近距離受益最深的當屬復旦大學哲學系1960年代初的研究生了。1963年,復旦哲學系系主任胡曲園先生開啟古代、近代、現代經典課程閱讀。在古代部分,全增嘏先生便延聘徐懷啟先生前來復旦開設亞里士多德的《形而上學》課程。已經退休的復旦大學哲學系教授黃頌傑回憶,“徐先生對照著拉丁文本和古希臘文本的翻譯,逐句解釋,聽講的有兩個年級的研究生和教研室教師,全先生每次都來聽。”可見全先生對徐懷啟先生為人為學的尊敬。
對其學問浩博的記憶同樣縈繞在從華東師範大學出版社退休的王世雲腦海中。從1963到1964年,王世雲就讀於華東師大政教系,上過一年徐懷啟的《西方哲學史》課。曾校訂徐懷啟遺著《古代基督教史》的他透露了當年的一個探秘。因為對其出口成章、記憶驚人感到好奇,一次下課,他跑到講台上偷看,只見一張香煙盒內紙,反過來寫著幾行英文字。“就是這幾行英文字,他就串成了滔滔不絕的一堂課。”
病榻上叮囑考研者要讀八個哲學家經典
滿腹的學問並非天成,自然離不開嚴謹的治學,古今中外無一例外。中國人民大學佛教與宗教學理論研究所研究員何光滬描述了他與徐懷啟的唯一一次見面。1979年,他報考中國社科院宗教史專業研究生,來上海複試,複試結束後到徐懷啟家中。“當時徐先生躺在病榻上,他先是叮囑我要好好學習,然後一口氣說了八個哲學家的名字,要我回去讀他們的經典。”儘管當時有些並未知曉,但還是貴州某大學大二的他卻一直銘記著這八位西方哲學家的名字:第一是柏拉圖,第二是亞里士多德,第三是奧古斯丁,第四是阿奎那,第五是笛卡爾,第六是洛克,第七是休謨,第八是康德。

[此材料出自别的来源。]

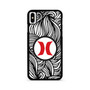 Hurley Classic Art iPhone X / XS | iPhone XS Max Case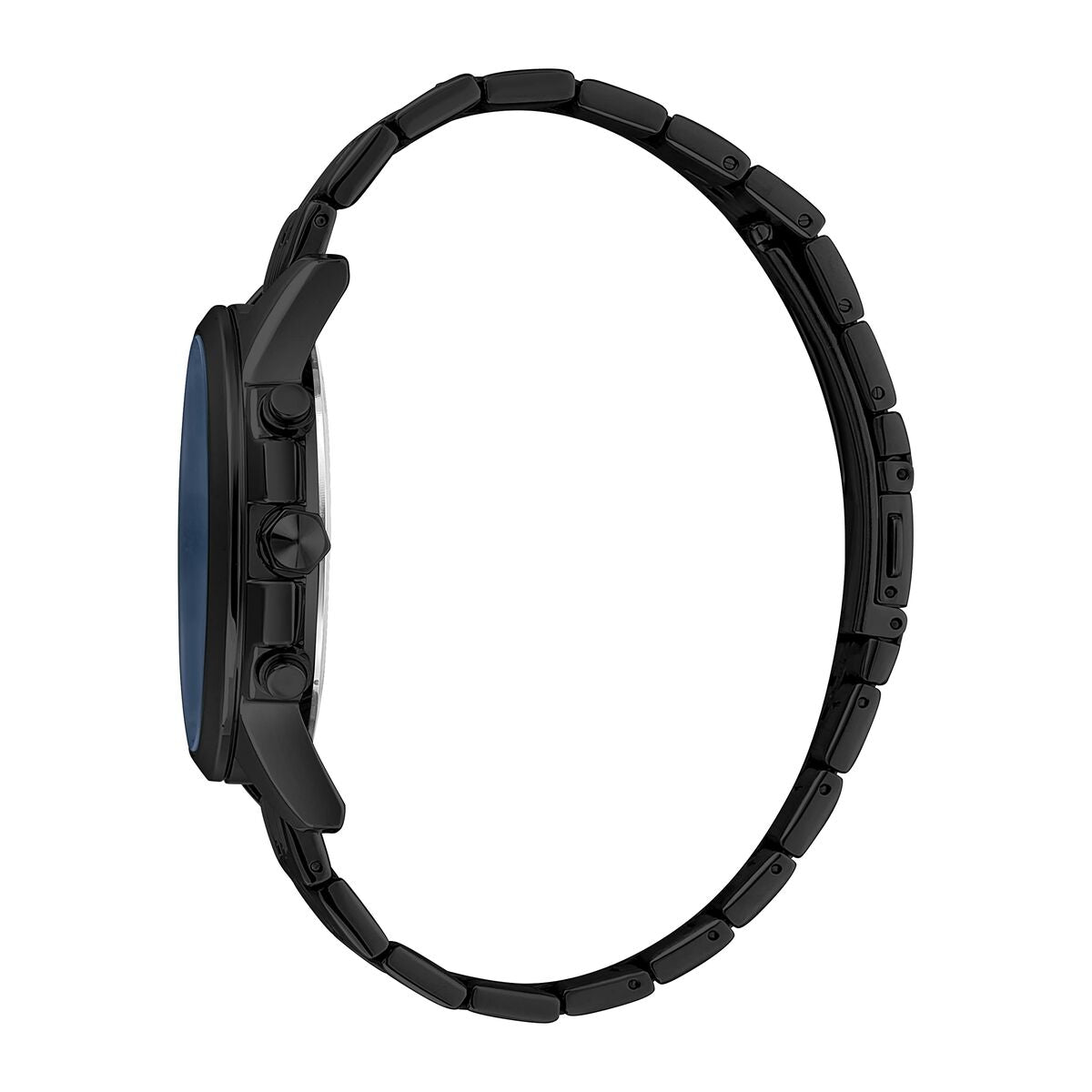 V3H4B7F1F7A1C8BF76DE07648574BDF1BC9R6159544P9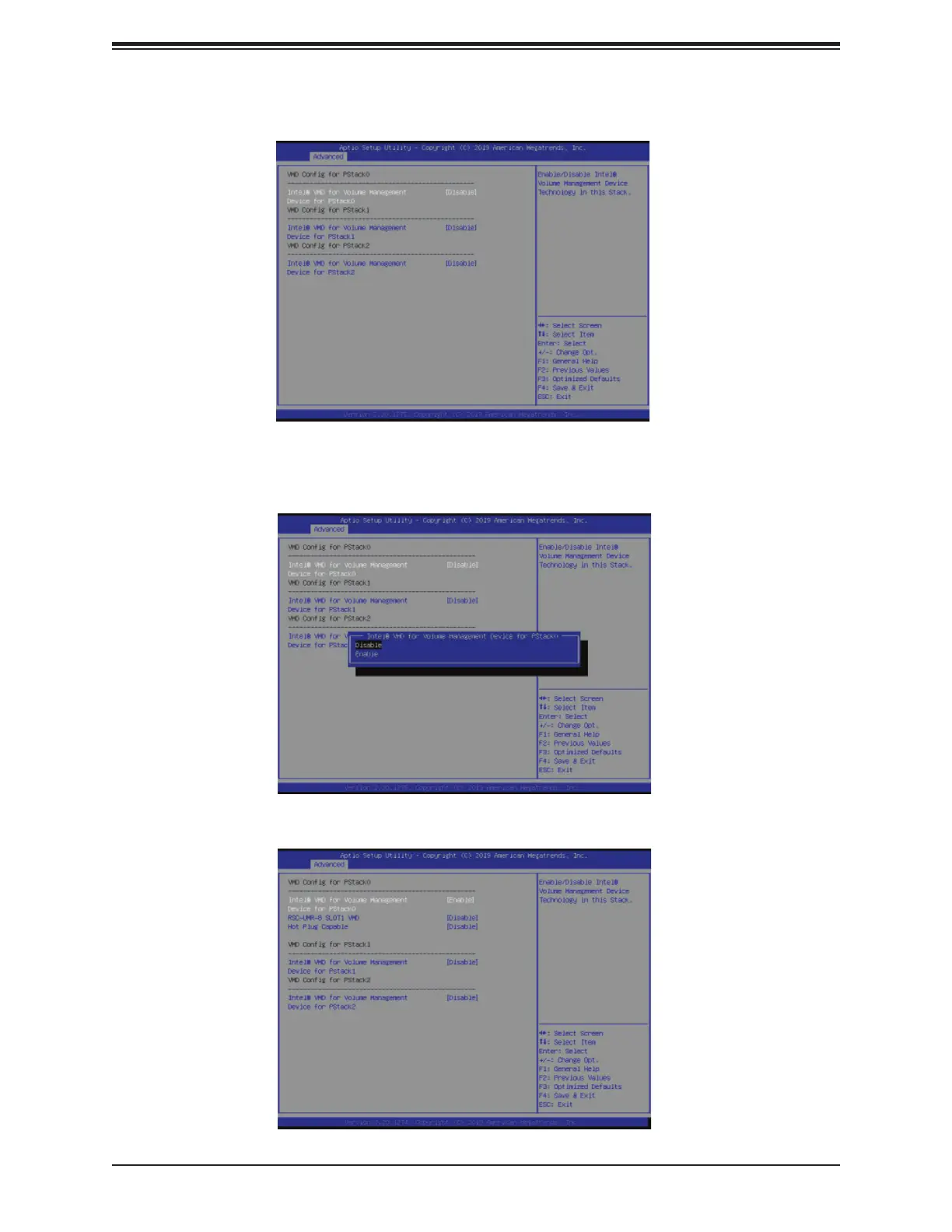 Page #151 background image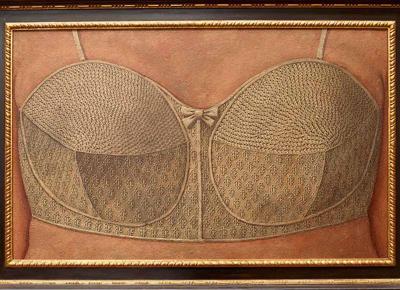 mostra italia pop ape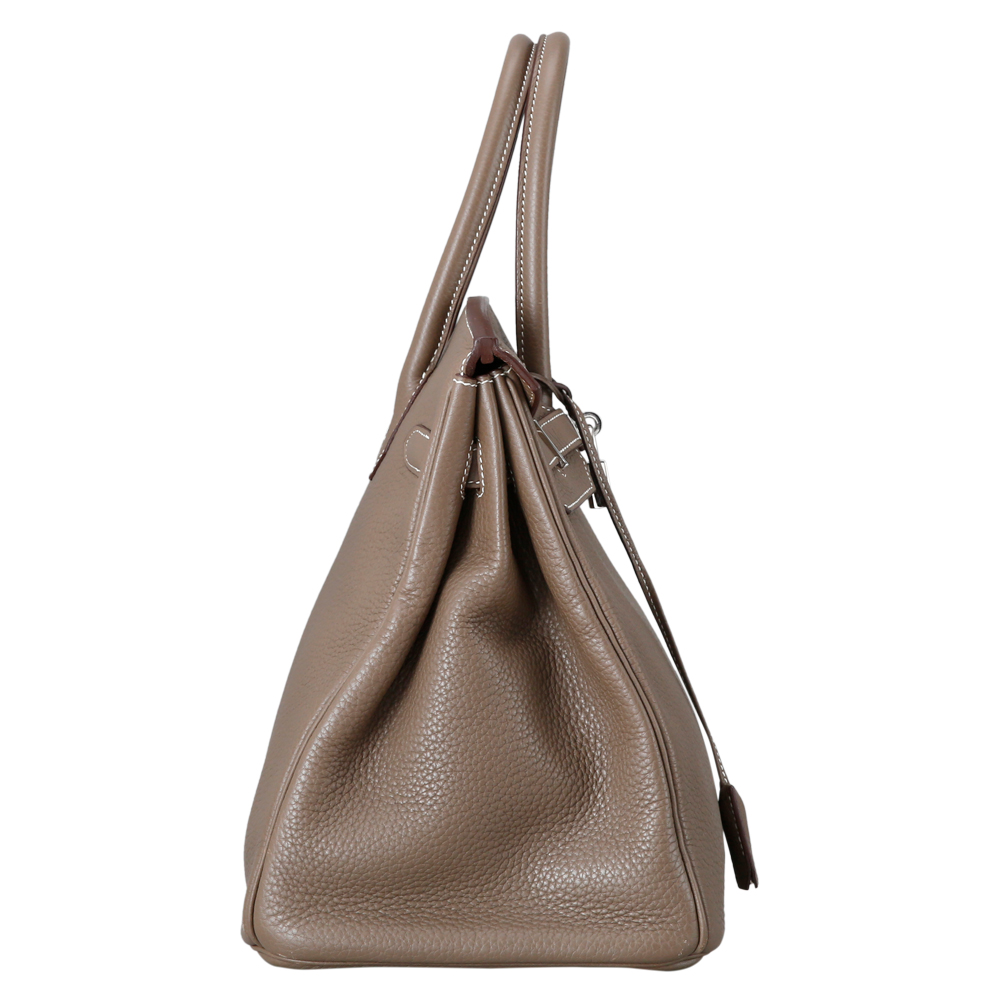 HERMES(USED)에르메스 벌킨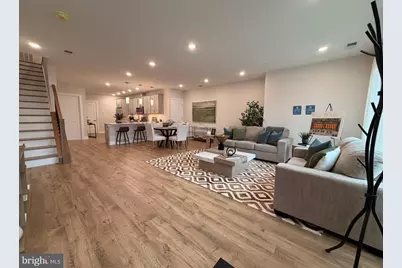 98 Village Drive, Montgomery Township, NJ 08558 - Photo 5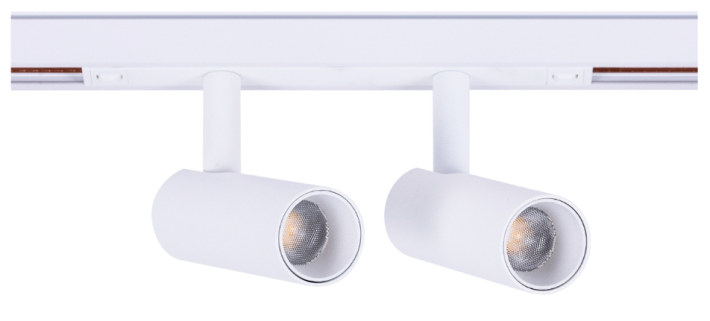 Lampa Loonari (Oxyled) Minispot 402592 biały - Templatka-do-opraw-MultiLINE-36.png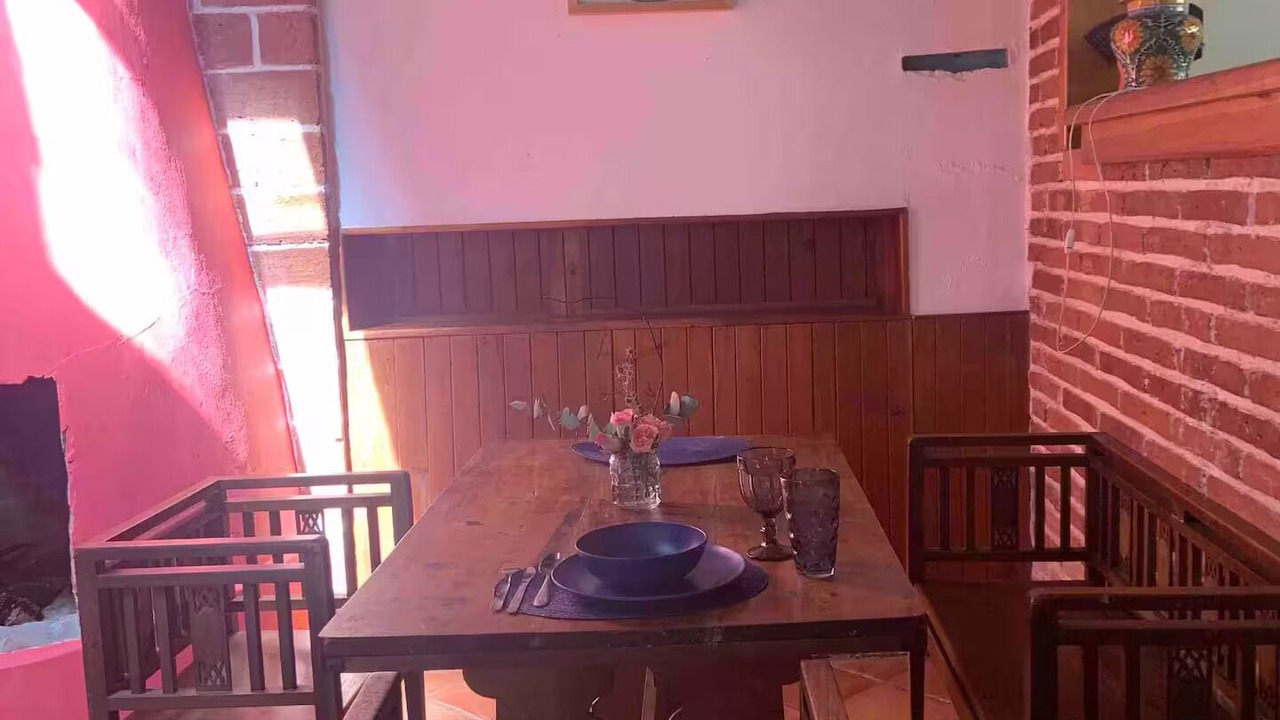 Photo of Others in Del Cerrillo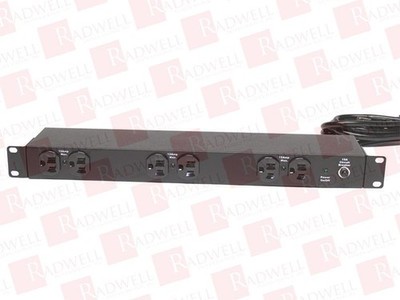 NVENT DP1N191020ST / DP1N191020ST (NEW IN BOX)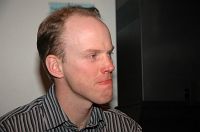 thumbs/DSC_0466.JPG
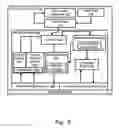 Fig. 09 - Methods, Systems, And Computer Program Products For Reporting A Change In Presentable Content Of A Communication Message
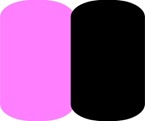 RiseNoir RiseNoir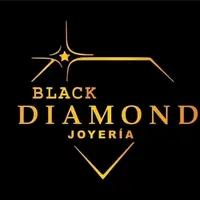 blackdiamond.joyeria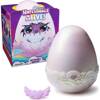 Hatchimals Jajko Alievesh Pufficorn 509142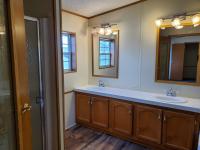 1994 Champion 5495862M7890AB Mobile Home
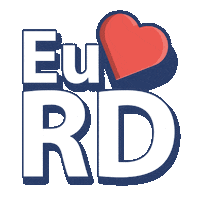 Rd Crm Sticker by Resultados Digitais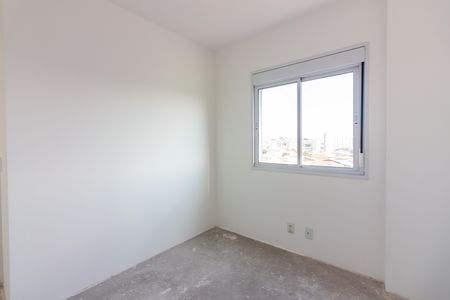 Apartamento à venda com 64m², 2 quartos e 2 vagas Apartamento à venda com 64m², 2 quartos e 2 vagasQuarto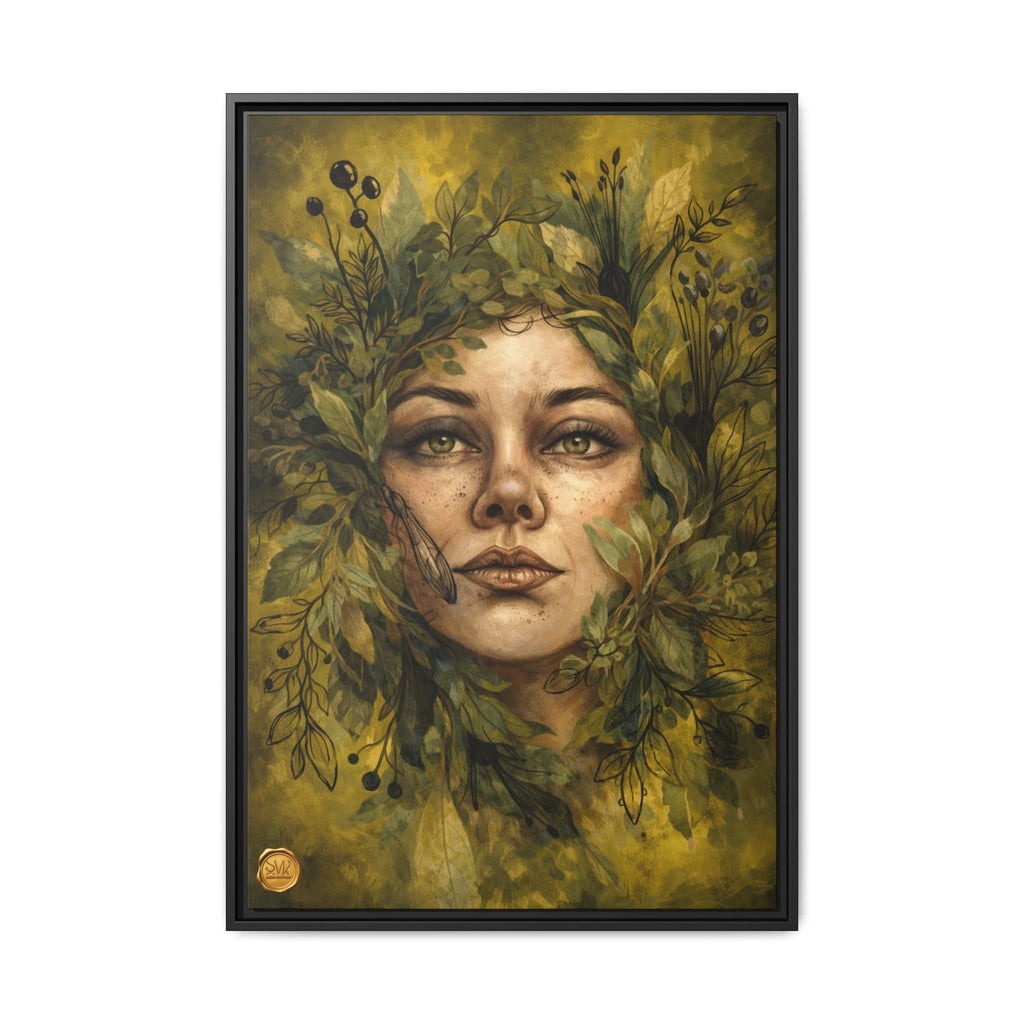 Forest.F4iR3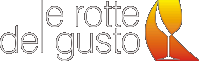 Le Rotte del Gusto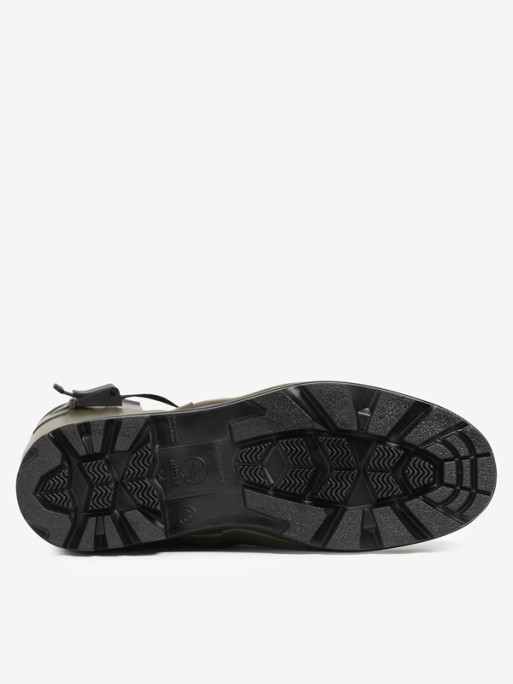 Bottes Chambord Vario femme Aigle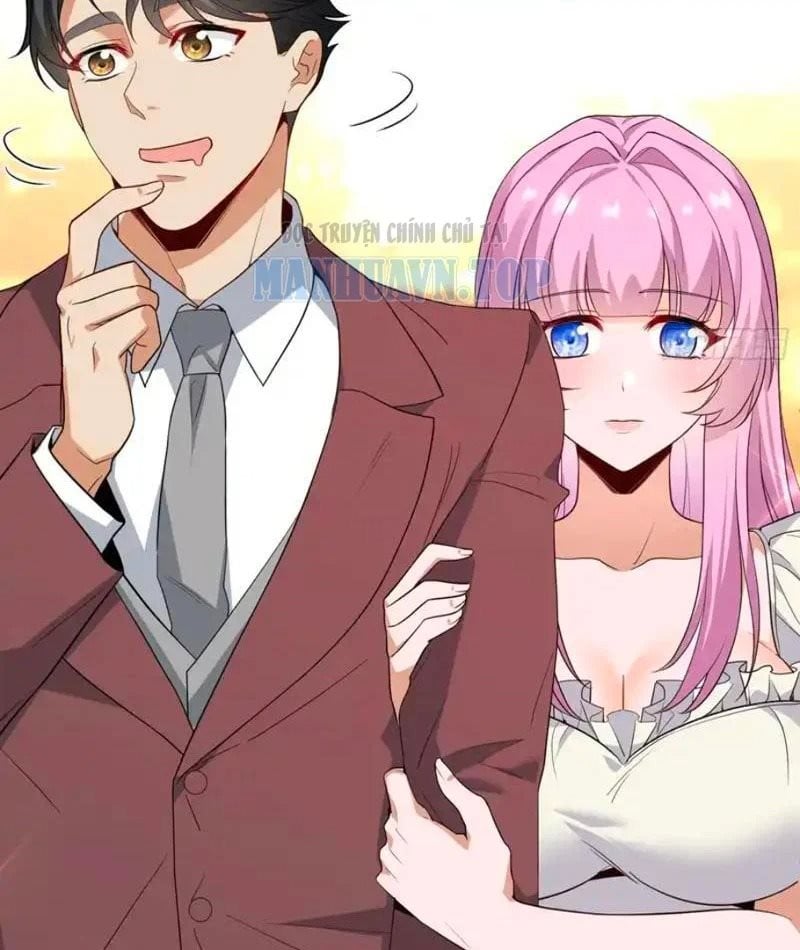 Tẩu Tử: Ta Thật Không Phải Kẻ Ngốc Chapter 16 - Trang 2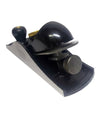 Pialla A Mano Per Legno Pialletto Manuale Falegname Professionale Lama 41mm 394006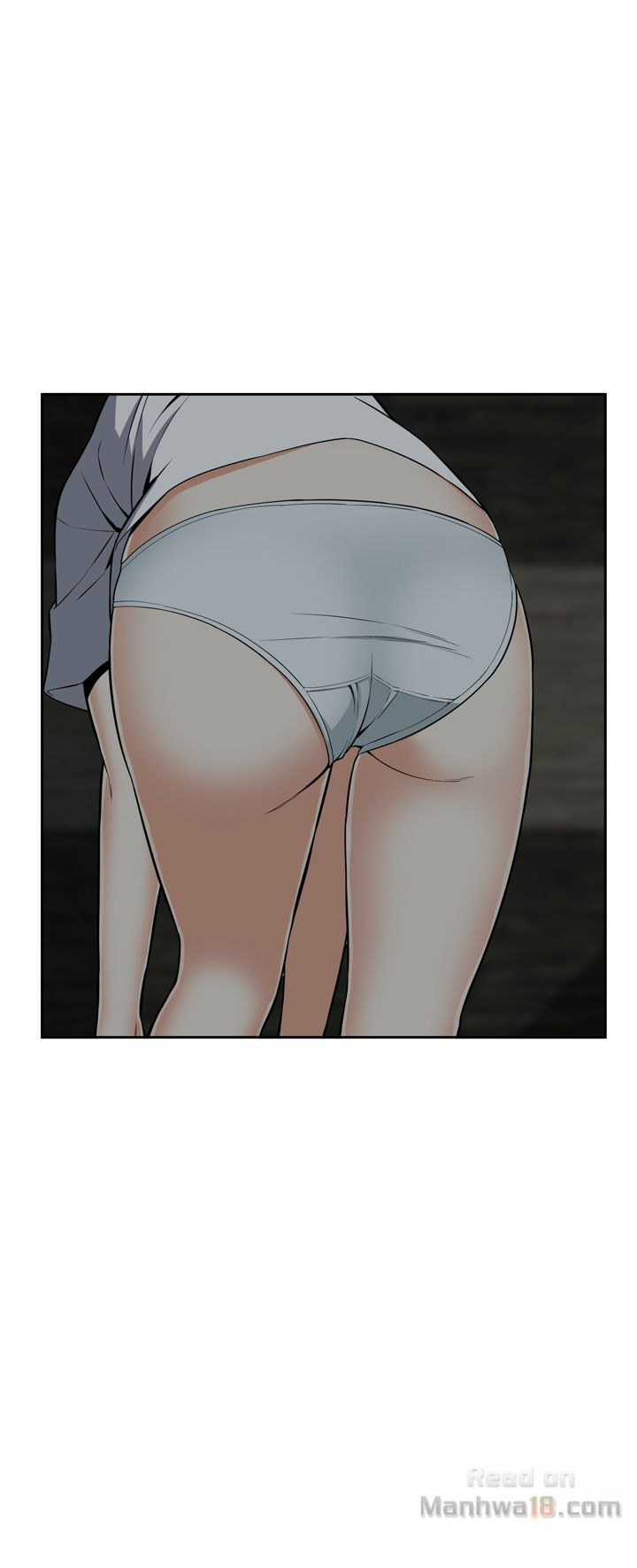 Take a Peek Chapter 13 - Page 24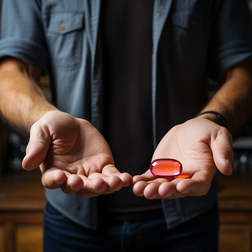 Diferentes tipos de medicamentos viagra.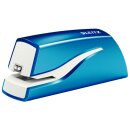 LEITZ 5566 Elektrisches Heftgerät WOW New NeXXt...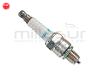BUJIA NGK CR4HS-B HONDA GXH50 M10 X 12.7mm 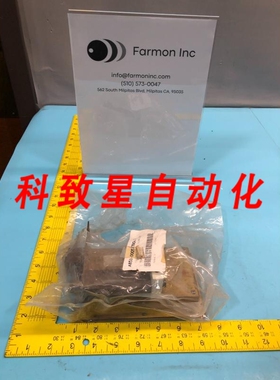 工业配件LAM 853-000577-001 ASM PHASE&MAG DETECTOR 490 N/C 85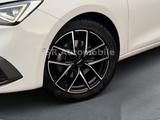Seat Leon Sportstourer FR 1.HAND*AHK*LED*NAVI*SHZ*PDC - Seat Leon Sport mit Hybrid-Antrieb (Benzin/Elektro)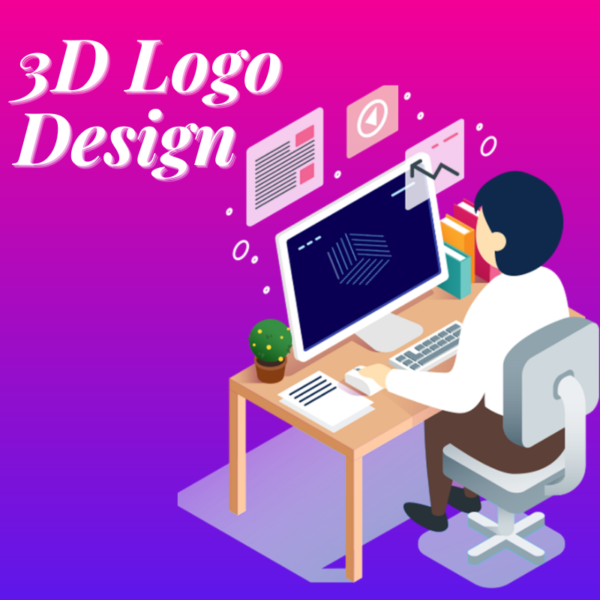 Logo design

較之於何光滬的沉重,復旦大學哲學系教授劉放桐對1960年代初共同編撰《辭海》哲學卷時的回憶更為明媚。當時,馮契等負責中國哲學,胡曲園、全增嘏和他負責西方哲學,而徐孝通、徐懷啟等指導西方哲學卷和邏輯學。劉放桐對徐先生的印象是,他對史料非常熟悉,“他和我說,每天要讀3至4小時的外語(拉丁文、古希臘語等),生怕自己忘了。”劉放桐教授還記得,1965年徐懷啟先生校譯了美國著名的邏輯學家、哲學家C·W·莫里斯1948年出版的《開放的社會》,莫里斯是符號學專家。“他非常注意吸收國外最新的學術成果。”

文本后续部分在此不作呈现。